Thursday, November 15, 2007

Quote of the Day

"Man's chief difference from the brutes lies in the exuberant excess of his subjective propensities. Prune his extravagance, sober him, and you undo him."

William James, quoted by Marianne Moore in the "Foreword" to the Marianne Moore Reader, quoted by Charles Molesworth in Marianne Moore: A Literary Life, quoted by J.K. Kelley on Write Now.

Monday, November 12, 2007

Pippilotta Delicatessa Windowshade Mackrelmint Efraim's Daughter Longstocking

This week marks the birthday of the author who created that terribly cute character Pippi Longstocking. Pippi claimed that her full name was Pippilotta Delicatessa Windowshade Mackrelmint Efraim's Daughter Longstocking. Her creator had an equally ambitious name, Astrid Anna Emilia Lindgren.

I have to admit that I didn't come to know and love Pippi through Ms. Lindgren's books. I recall a Saturday morning television adaptation that ran during my childhood (in the 1980s) with fantastically bad dubbing into English over the original Swedish. I believe an animated Pippi was recently released that I have yet to see, nor plan to see. I appreciate animation but Pippi needs a flesh-and-blood actress and an assorted menagerie of animals to round out the cast. I believe the animals talk, right? I know she lived alone in a rambling Victorian house with a monkey and her horse. I remember them having conversations. Animated talking animals is just plain cheating.
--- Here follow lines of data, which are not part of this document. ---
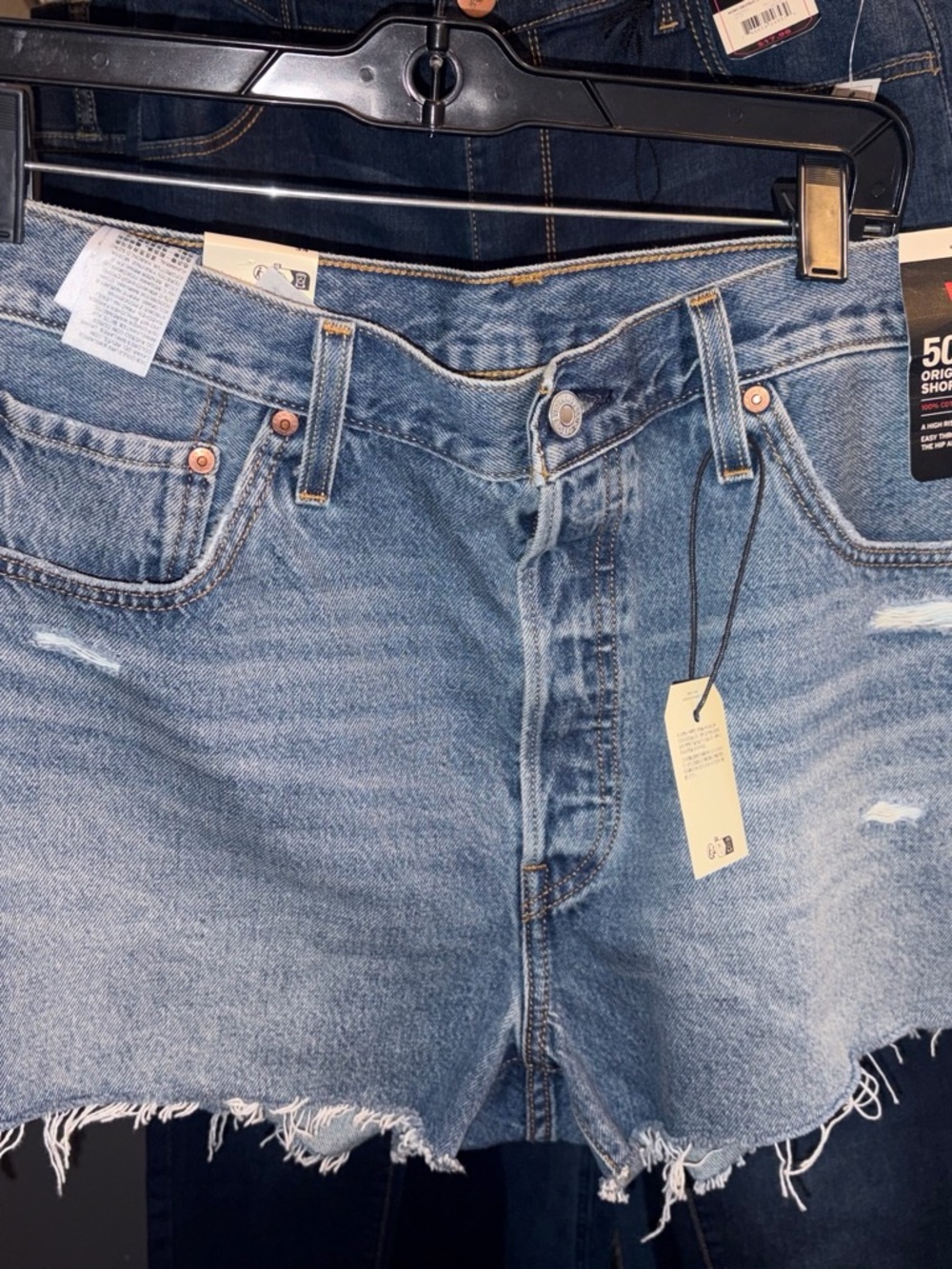 Levi's Light Blue Distressed Denim Cutoff Shorts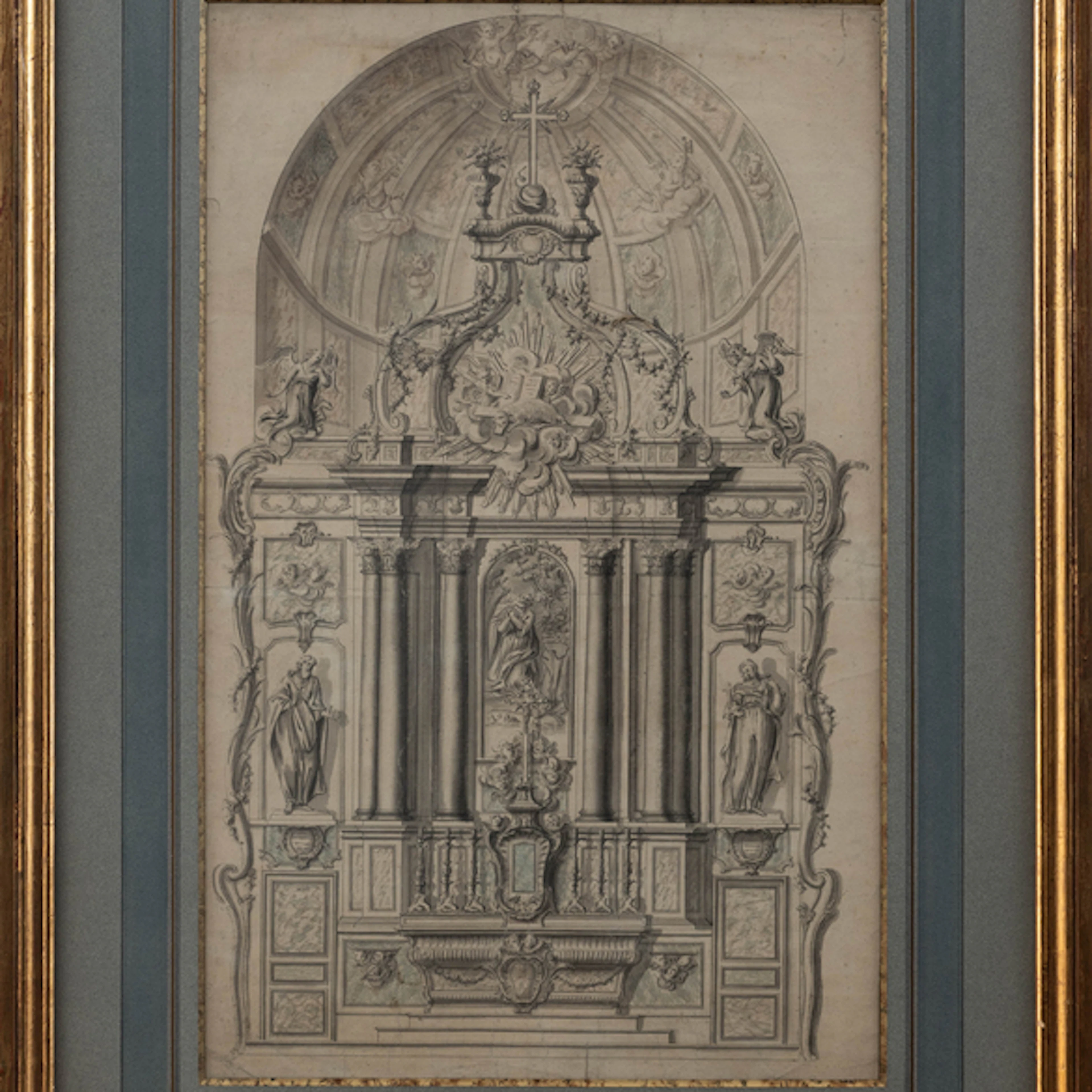 "Diseño arquitectónico de retablo " Authorship: Escuela Española del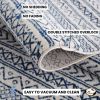 15' Navy Blue Abstract Runner Rug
And I know she was a very, very strong girl--able to lift cars and the like.

If I had to bet money on whether or not the animals were loquacious, I wouldn't bet a dime on my memory. Especially these days. I have to admit that I have always possessed a degree of whimsical absentmindedness. (Back in the day, it was known as air-headedness.) I lose my keys. I leave for the airport without knowing which airline I am flying. Friends call me to remind me to attend social functions in my honor. Mostly it is harmless. Mostly it is annoying for me and not for others. (I hope.)

This past Monday I had prepared a Trader Joe's brown paper bag filled with items that needed to be hauled via metro to the post office. I had big plans to mail several packages. The key package contained a reverse-birthday gift. You would think that life long friends could remember each other's birthdays. Well, like attracts like because my friend and I resorted to reverse birthdays several years ago. On his birthday (sometime in earlyish July) he sends me a gift. On my birthday (mid-Novemberish), I send him a gift. This way we ALWAYS remember to celebrate each other! I was enormously proud of myself because I had his gift ready to go and ready to mailed in time to arrive for my birthday.

I lugged the bag of stuff--including several books--to the metro. Walked to the post office. And the door was locked. I rattled the handle. I sighed. Yes, it was Veteran's Day. Deeper sigh. I turned around and did the reverse trip home. I entered my foyer and set down my bag of goodies to dig for my mail key. I opened my mail box and then, duh, it was still Veteran's Day. I cursed our third floor walk up. I cursed my wasted trip.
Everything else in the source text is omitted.